### Instructions for the task
Can you output the records below exactly as they are written?

Records from a dataset:

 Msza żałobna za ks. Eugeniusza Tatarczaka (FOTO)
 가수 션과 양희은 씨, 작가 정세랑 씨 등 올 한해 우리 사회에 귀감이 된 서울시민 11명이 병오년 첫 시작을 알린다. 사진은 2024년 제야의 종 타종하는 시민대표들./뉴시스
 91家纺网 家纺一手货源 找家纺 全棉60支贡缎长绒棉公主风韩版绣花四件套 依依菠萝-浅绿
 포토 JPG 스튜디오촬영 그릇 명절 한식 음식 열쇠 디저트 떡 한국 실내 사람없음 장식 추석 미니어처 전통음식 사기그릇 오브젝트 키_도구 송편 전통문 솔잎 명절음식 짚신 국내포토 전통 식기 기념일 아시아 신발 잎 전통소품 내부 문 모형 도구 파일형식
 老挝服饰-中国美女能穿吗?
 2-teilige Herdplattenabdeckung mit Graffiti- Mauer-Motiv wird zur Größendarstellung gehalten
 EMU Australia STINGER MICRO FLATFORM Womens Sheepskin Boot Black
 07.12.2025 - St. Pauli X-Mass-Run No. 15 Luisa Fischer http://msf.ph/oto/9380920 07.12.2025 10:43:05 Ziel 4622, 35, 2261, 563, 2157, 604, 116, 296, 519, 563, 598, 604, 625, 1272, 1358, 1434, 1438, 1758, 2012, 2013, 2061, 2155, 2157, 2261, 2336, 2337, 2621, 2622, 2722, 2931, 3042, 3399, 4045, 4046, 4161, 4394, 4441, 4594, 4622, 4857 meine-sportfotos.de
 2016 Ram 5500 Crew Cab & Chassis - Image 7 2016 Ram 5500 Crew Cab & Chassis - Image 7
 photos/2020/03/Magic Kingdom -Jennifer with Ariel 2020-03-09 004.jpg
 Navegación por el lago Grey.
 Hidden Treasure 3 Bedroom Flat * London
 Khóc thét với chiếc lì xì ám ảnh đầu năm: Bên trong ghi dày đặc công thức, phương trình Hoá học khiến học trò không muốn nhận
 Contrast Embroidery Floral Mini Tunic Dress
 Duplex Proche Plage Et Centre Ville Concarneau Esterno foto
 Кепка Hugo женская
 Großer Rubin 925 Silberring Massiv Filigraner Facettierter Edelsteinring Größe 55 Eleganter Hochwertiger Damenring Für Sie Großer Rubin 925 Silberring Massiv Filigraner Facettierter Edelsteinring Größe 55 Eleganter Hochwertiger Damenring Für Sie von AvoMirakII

### Final answer
 Msza żałobna za ks. Eugeniusza Tatarczaka (FOTO)
 가수 션과 양희은 씨, 작가 정세랑 씨 등 올 한해 우리 사회에 귀감이 된 서울시민 11명이 병오년 첫 시작을 알린다. 사진은 2024년 제야의 종 타종하는 시민대표들./뉴시스
 91家纺网 家纺一手货源 找家纺 全棉60支贡缎长绒棉公主风韩版绣花四件套 依依菠萝-浅绿
 포토 JPG 스튜디오촬영 그릇 명절 한식 음식 열쇠 디저트 떡 한국 실내 사람없음 장식 추석 미니어처 전통음식 사기그릇 오브젝트 키_도구 송편 전통문 솔잎 명절음식 짚신 국내포토 전통 식기 기념일 아시아 신발 잎 전통소품 내부 문 모형 도구 파일형식
 老挝服饰-中国美女能穿吗?
 2-teilige Herdplattenabdeckung mit Graffiti- Mauer-Motiv wird zur Größendarstellung gehalten
 EMU Australia STINGER MICRO FLATFORM Womens Sheepskin Boot Black
 07.12.2025 - St. Pauli X-Mass-Run No. 15 Luisa Fischer http://msf.ph/oto/9380920 07.12.2025 10:43:05 Ziel 4622, 35, 2261, 563, 2157, 604, 116, 296, 519, 563, 598, 604, 625, 1272, 1358, 1434, 1438, 1758, 2012, 2013, 2061, 2155, 2157, 2261, 2336, 2337, 2621, 2622, 2722, 2931, 3042, 3399, 4045, 4046, 4161, 4394, 4441, 4594, 4622, 4857 meine-sportfotos.de
 2016 Ram 5500 Crew Cab & Chassis - Image 7 2016 Ram 5500 Crew Cab & Chassis - Image 7
 photos/2020/03/Magic Kingdom -Jennifer with Ariel 2020-03-09 004.jpg
 Navegación por el lago Grey.
 Hidden Treasure 3 Bedroom Flat * London
 Khóc thét với chiếc lì xì ám ảnh đầu năm: Bên trong ghi dày đặc công thức, phương trình Hoá học khiến học trò không muốn nhận
 Contrast Embroidery Floral Mini Tunic Dress
 Duplex Proche Plage Et Centre Ville Concarneau Esterno foto
 Кепка Hugo женская
 Großer Rubin 925 Silberring Massiv Filigraner Facettierter Edelsteinring Größe 55 Eleganter Hochwertiger Damenring Für Sie Großer Rubin 925 Silberring Massiv Filigraner Facettierter Edelsteinring Größe 55 Eleganter Hochwertiger Damenring Für Sie von AvoMirakII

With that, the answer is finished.